Victims of Gukurahundi have not been compensated, or given an opportunity to exhume and rebury their loved ones for closure and healing.
Mbuso Fuzwayo, secretary general of the Matabeleland based pressure group Ibhetshu LikaZulu who has been vocal on finding closure to the mass killings, said the on-going mobile registration for identity documents would not help Gukurahundi victims because they did not meet the requirements.
The exercise where IDs and birth certificates are being issued for free started last month.
“I met some woman in Tsholotsho and she was saying people from the registry were telling her that she must bring her father’s death certificate, which she does not have,” Fuzwayo said.
The Birth and Death Registration Act of Zimbabwe requires one to produce death certificate in case one of the parents or both are deceased in order to obtain a birth certificate.
“The requirements make it difficult for victims especially those who lost both parents; some are now forced to use other people’s surnames,” Fuzwayo said.
“The government must issue a statutory instrument to relax some of their requirements because it is now affecting secondary victims.”
A 2019 enquiry by the Zimbabwe Human Rights Commission (ZHRC) in Matabeleland region found that many people failing to access identity documents were Gukurahundi victims.
Zimbabwe’s constitution says every citizen has a right to have a birth certificate, national identity card and a passport.
A report compiled by Zimbabwe Peace Project (ZPP) titled: Cursed with Statelessness: Consequences of Deprivation of National Identification Documents noted the challenges faced by undocumented Gukurahundi victims.
“If nothing is done fast to assist them to acquire birth certificates, passports and national identity documents the curse of statelessness will affect more generations,” ZPP said.
Tapson Nganunu Sibanda, a political activist from Tsholotsho in Matabeleland North, said the government must fulfil its promises to assist Gukurahundi survivors to get IDs.

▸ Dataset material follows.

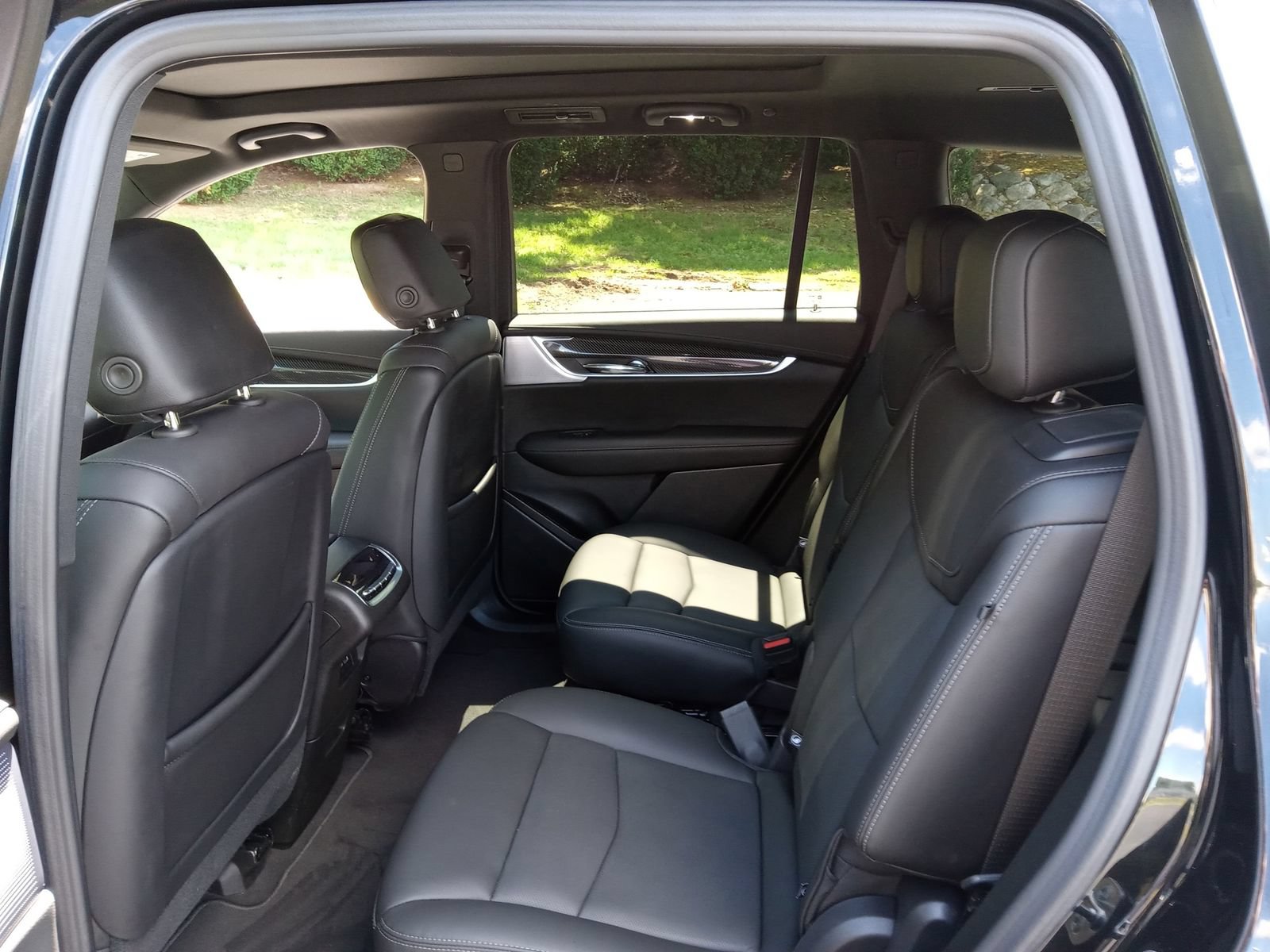 Used 2024 Cadillac XT6 Sport w/ LPO, ONYX Package AWD/4WD image 26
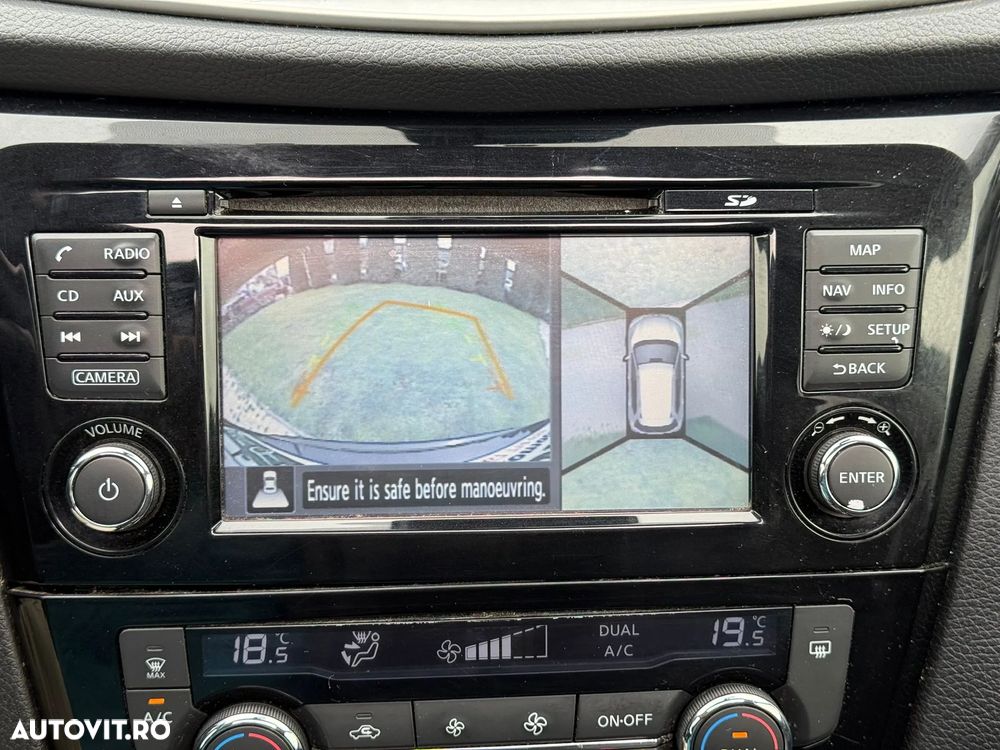 Nissan X-Trail 1.6 dCi N-Connecta - 14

“People are still traumatised,” Sibanda said.
“What needs to be done also is that an independent commission of enquiry has to be put in place and the perpetrators put to account for their heinous deeds,” Sibanda said.
Human rights activists estimate that over 200 000 people were killed during Gukurahundi just after Zimbabwe’s independence in 1980.
The massacres only ended in 1987 when the Joshua Nkomo-led Zapu, which was the target of the military operation, was forced to join Zanu PF led by Mugabe.
“When the crackdown, known as operation Gukurahundi, was over, traumatised survivors had to grapple with the challenges of statelessness as they were required to produce death certificates as proof of their parents to apply for Zimbabwean nationality,” the Amnesty International report read.
“However, death certificates for people killed in the Gukurahundi operation were not issued, meaning that those who were orphaned as a result of the violence had no way of proving their parents’ nationality.”
It cited the case of 68 year-old Vaina Ndlovu from Tsholotsho, who still cannot obtain an ID because his father disappeared during Gukurahundi.
“Vaina Ndlovu, 68, lives in Tsholotsho in Matebeland North. Vaina’s father was abducted by Fifth Brigade forces and never heard from again following his abduction,” the report added.
“When Vaina tried to obtain a death certificate for her father, registry office officials told her they needed witnesses to confirm that her father was abducted during Gukurahundi, which Vaina’s family could not provide.”